TASK PROMPT => An exact copy of every record, without the pictures, is what should come back.

DATA IN THIS EXERCISE =>
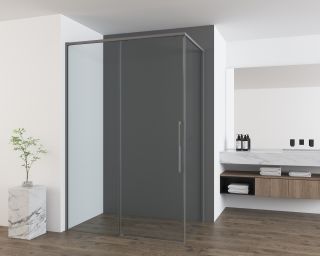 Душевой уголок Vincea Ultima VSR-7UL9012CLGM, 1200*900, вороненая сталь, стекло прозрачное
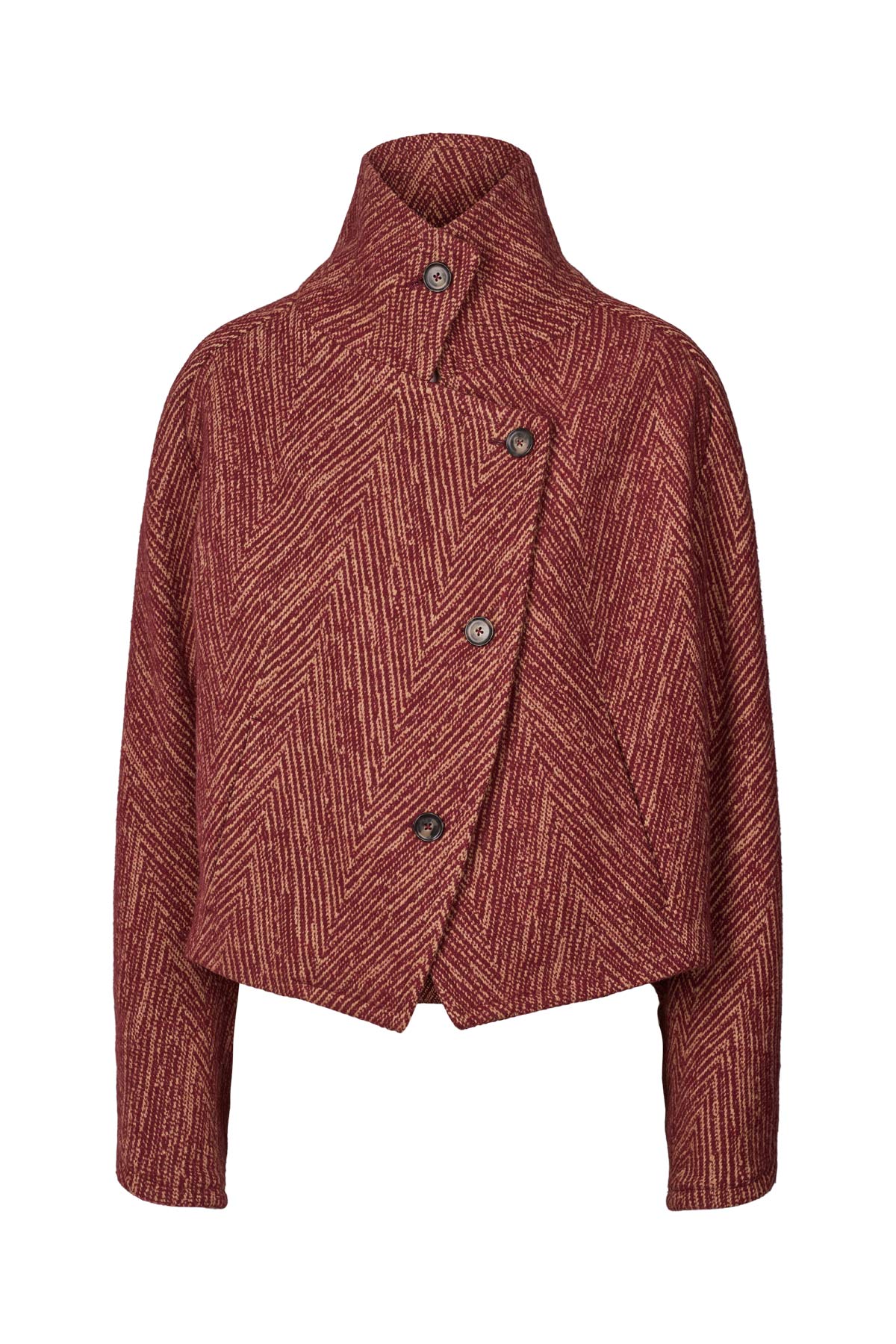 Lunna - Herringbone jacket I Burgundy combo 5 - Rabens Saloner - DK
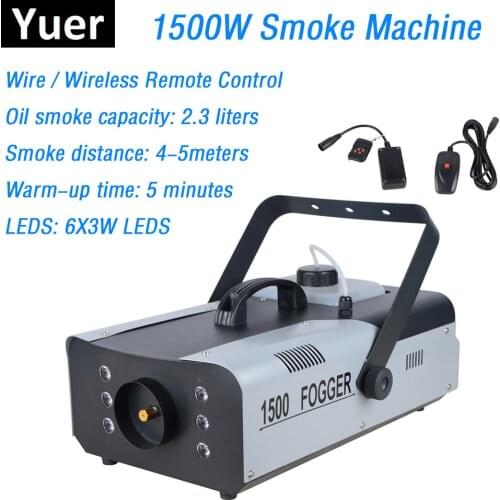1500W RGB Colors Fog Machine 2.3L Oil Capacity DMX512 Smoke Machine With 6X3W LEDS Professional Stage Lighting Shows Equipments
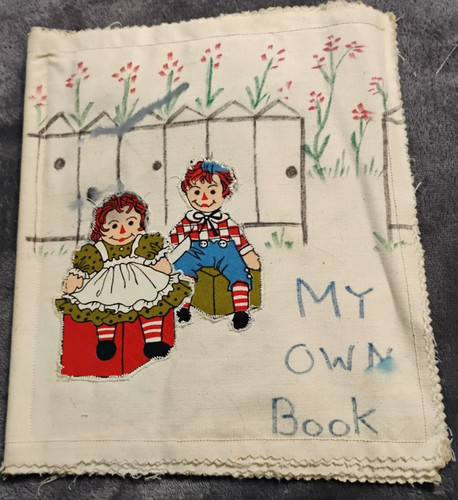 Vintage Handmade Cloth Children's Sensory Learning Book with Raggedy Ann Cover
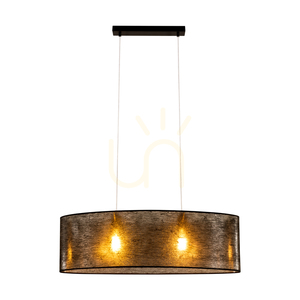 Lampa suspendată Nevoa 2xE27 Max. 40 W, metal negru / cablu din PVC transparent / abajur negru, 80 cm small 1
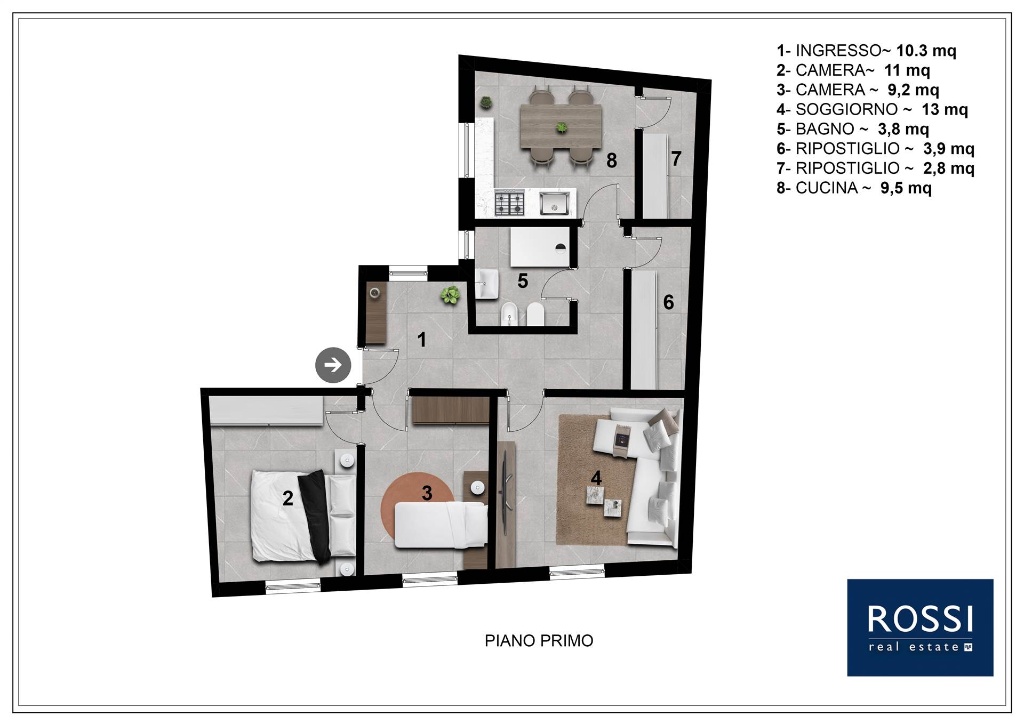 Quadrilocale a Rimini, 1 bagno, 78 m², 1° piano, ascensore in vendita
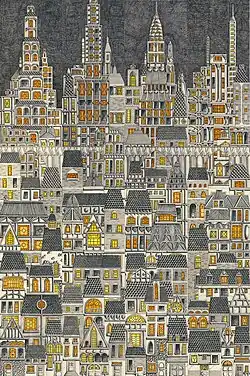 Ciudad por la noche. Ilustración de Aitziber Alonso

EXERCISE ANSWER =>
 Душевой уголок Vincea Ultima VSR-7UL9012CLGM, 1200*900, вороненая сталь, стекло прозрачное
 Lunna - Herringbone jacket I Burgundy combo 5 - Rabens Saloner - DK
1500W RGB Colors Fog Machine 2.3L Oil Capacity DMX512 Smoke Machine With 6X3W LEDS Professional Stage Lighting Shows Equipments
 Vintage Handmade Cloth Children's Sensory Learning Book with Raggedy Ann Cover
 Lampa suspendată Nevoa 2xE27 Max. 40 W, metal negru / cablu din PVC transparent / abajur negru, 80 cm small 1
 Quadrilocale a Rimini, 1 bagno, 78 m², 1° piano, ascensore in vendita
 Ciudad por la noche. Ilustración de Aitziber Alonso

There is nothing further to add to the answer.